Add to that scaling in terms of on-chip memories (some are per cluster, some aren't) and ROPs and we can imagine RV610 and RV630 shaking out as they did as AMD sought to fit a configuration into an area and power sense (affecting clocks and price and all the other variables in The Grand Dice Equation). The process used to create RV610 and RV630 is TSMC's 65G+ offering, which isn't their most balls-to-the-wall application of 65nm transistor technology, but it does offer some really appealing power characteristics and clock/voltage options, making it the best choice for production.
What AMD have finally produced is thus. We'll do diagrams, not least for those that love to give their printer ink supply/eyes a workout, soon, so keep your lids peeled back and firmly on beyond3d.com in order to spot those when they appear.
RV610
Starting with the baby of the family, RV610 features two clusters/SIMDs, but each one is one quarter of each that you'll find inside R600. So four ALUs per SIMD, each with the 5-way scalar sub setup that R600 sports. 20 scalar ALUs per SIMD, then, giving 40 total (one eighth R600 in terms of unit count for general shading). After that, there's one of R600's four data samplers, one of its four quad ROPs and some tweaking of the on-chip memories (texture and vertex transform cache are shared now, where they're discrete elsewhere in the family). The external memory bus is 64 bits wide (one of R600's eight channels), and setup rate is 0.5tri/clk.
All of that runs to 180M transistors on the aforementioned 65G+ process variant at TSMC, and a 7.7x10.7mm die. Part of those 180 million are two on-chip output engines. The first mates to a dual-link DVI TMDS, the second can drive one link, and all links are HDCP protected with on-chip crypto keys. Analogue outputs are presented by the built-in Xilleon HDTV encoder which takes care of scaling. The HDMI output supports 1080p, the analogue outputs are driven by a pair of 400MHz DACs and support 2Kx1.5K, and the video output stages support up to 10 bits of colour resolution for each and every output pixel.

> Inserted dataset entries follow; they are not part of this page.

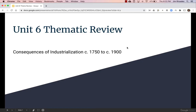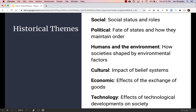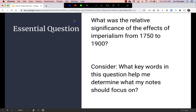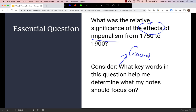Welcome to the Unit 6 Thematic Review: Consequences of Industrialization, circa 1750–1900. We're doing a thematic organization, focusing on themes we've seen in previous sections. Our essential question asks: what was the relative significance of the effects of imperialism from 1750–1900? This keyword 'effect' should make you think of a causation question, specifically focusing on effects, though we'll also spend some time on the causes of imperialism, since it's such a pivotal moment in world history.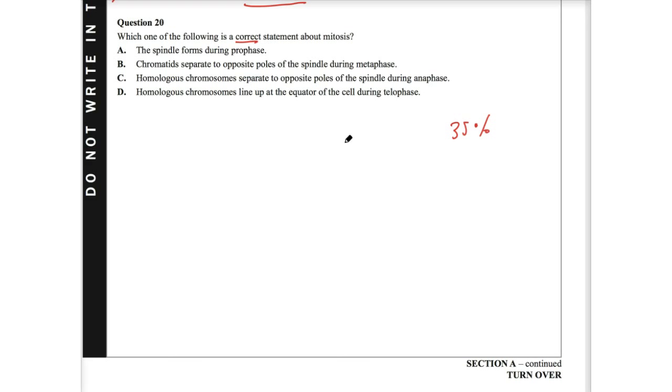So what's my logic here? We're looking for the correct statement. So we've just got to use our knowledge and see what is consistent with our knowledge. Let's go from D up.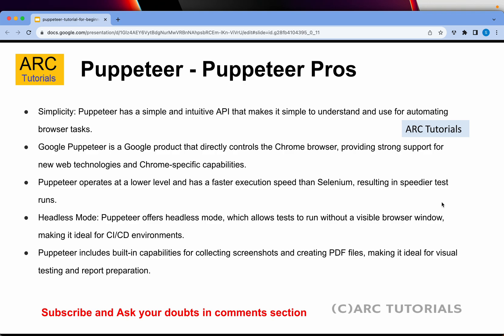Now let's talk about the Puppeteer pros. One of the most striking features is that it's pretty simple — it has an intuitive API and it's quick to get started. Anyone can start using it without much effort. Puppeteer is a Google product, which means it directly runs in Google Chrome, providing strong support for newer web technologies and frameworks. Puppeteer operates at a lower level, meaning there is no additional communication layer between the test script and the browser, making it much faster than Selenium.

The motion video block supports the latest popular formats in terms of decode, and while AMD's documentation mentions transcoding, as far as we're aware there's nothing been exposed there and no plans to, either. So that's VC-1, H.264, H.263 and related variants all supported by the hardware decoder, which on RV610 is still capable of supporting full-rate H.264 AVC (the hardest format to decode that the hardware supports) from a Blu-Ray movie disk at some 50Mib/sec. The shader core can assist for performance and quality reasons too, if need be.
UVD and Avivo could take up an entire paper or two's worth of discussion, but the salient points AMD would like mentioned are the entropy decode for VC-1 which NVIDIA don't do in their latest video silicon, and that the post processor logic and software support are very high quality. We'll take a look at that in due course.
So what you have in front of you with RV610 is a tiny little chip with a video focus that outstrips its gaming aspirations, or that you could reasonably argue anyway. An eighth of R600's shader core and memory bandwidth for the same given clocks was never going to set the performance world alight, AMD's two-way unit scaling allowing them some scaling in front-end logic in order to create the perf/area product they think the market wants.
We'll have to leave it there in terms of architecture discussion, so we'll pick it back up on the forums if you're keen. Remember that the chip front-end still features the same tesselator and that the rendering features offered by the family are static on all chips, so every one supports D3D10 and related goodies. Oh, and the native output is PCI Express, before we forget.